[Items listed in a dataset]
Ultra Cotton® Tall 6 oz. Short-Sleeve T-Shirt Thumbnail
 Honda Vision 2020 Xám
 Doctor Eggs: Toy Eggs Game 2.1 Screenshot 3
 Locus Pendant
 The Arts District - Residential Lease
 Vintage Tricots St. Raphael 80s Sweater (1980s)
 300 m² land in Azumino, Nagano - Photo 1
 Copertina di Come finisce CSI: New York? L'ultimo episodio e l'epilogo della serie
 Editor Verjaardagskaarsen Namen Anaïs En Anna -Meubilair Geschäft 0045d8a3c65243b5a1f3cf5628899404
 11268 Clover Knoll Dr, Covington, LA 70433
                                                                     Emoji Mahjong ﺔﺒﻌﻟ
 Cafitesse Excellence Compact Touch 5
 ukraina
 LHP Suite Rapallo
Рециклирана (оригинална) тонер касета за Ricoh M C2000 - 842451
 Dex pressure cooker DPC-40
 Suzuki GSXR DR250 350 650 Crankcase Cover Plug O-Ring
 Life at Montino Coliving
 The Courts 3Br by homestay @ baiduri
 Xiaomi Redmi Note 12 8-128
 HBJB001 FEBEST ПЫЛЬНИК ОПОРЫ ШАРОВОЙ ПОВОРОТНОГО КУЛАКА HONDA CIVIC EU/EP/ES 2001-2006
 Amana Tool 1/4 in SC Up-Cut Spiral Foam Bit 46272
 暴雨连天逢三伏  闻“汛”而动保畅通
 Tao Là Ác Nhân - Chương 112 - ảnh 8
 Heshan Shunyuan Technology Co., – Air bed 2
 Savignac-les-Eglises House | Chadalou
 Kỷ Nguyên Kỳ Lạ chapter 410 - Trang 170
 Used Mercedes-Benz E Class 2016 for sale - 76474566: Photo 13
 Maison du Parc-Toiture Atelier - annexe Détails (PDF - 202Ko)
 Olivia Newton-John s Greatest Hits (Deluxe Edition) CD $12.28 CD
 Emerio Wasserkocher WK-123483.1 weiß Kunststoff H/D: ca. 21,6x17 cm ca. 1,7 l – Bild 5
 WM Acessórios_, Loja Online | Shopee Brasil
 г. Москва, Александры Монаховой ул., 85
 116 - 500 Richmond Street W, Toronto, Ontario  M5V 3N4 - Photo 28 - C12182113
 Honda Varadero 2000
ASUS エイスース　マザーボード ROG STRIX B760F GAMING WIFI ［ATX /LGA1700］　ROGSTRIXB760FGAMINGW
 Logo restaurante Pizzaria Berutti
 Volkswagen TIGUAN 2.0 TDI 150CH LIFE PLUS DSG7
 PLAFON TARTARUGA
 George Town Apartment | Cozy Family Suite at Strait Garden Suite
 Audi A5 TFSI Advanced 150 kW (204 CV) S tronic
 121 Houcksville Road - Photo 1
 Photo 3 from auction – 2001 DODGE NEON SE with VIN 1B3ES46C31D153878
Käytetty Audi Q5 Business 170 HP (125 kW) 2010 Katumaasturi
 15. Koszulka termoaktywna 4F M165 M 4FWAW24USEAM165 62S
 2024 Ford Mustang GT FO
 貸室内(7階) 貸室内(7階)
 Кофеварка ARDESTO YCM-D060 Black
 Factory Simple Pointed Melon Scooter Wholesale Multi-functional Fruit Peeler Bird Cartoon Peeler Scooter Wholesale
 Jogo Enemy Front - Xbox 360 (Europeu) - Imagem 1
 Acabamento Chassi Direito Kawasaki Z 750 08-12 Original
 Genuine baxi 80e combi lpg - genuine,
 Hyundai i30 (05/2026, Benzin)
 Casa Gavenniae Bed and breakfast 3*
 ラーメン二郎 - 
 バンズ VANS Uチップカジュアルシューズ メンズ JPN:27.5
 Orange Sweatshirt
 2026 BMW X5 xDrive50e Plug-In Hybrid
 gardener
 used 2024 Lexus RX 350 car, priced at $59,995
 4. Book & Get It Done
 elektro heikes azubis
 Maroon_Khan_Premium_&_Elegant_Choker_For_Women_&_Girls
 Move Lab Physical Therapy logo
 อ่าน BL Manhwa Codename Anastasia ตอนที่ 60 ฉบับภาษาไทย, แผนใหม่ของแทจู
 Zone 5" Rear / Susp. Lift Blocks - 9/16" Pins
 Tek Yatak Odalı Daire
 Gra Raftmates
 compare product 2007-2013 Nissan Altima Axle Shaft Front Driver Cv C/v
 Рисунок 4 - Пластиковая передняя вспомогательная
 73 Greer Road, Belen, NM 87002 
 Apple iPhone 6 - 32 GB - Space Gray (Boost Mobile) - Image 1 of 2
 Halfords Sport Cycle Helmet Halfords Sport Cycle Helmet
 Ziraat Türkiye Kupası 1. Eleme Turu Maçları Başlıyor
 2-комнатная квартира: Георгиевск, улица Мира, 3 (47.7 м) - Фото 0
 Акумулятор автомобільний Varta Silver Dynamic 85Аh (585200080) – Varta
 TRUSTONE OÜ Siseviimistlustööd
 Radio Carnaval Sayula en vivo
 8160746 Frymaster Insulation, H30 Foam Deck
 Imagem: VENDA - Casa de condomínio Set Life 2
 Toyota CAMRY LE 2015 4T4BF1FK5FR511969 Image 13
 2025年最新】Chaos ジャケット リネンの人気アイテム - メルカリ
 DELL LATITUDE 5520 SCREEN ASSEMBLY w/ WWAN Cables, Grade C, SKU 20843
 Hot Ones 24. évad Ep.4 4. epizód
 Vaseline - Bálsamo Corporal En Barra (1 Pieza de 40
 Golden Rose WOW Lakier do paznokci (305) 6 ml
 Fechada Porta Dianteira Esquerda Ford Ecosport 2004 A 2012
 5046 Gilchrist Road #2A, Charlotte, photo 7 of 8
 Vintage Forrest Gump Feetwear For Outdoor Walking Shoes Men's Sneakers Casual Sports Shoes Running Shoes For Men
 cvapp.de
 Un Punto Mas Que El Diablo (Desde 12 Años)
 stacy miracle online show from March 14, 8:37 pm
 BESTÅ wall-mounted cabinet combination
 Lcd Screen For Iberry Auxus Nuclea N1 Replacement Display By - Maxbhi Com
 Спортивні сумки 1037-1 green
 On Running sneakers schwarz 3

Exercise details:
An exact copy of the lines above, from the one containing "Vintage Tricots St." through the one containing "Editor Verjaardagskaarsen Namen", is the whole of the answer.

Worked solution:
 Vintage Tricots St. Raphael 80s Sweater (1980s)
 300 m² land in Azumino, Nagano - Photo 1
 Copertina di Come finisce CSI: New York? L'ultimo episodio e l'epilogo della serie
 Editor Verjaardagskaarsen Namen Anaïs En Anna -Meubilair Geschäft 0045d8a3c65243b5a1f3cf5628899404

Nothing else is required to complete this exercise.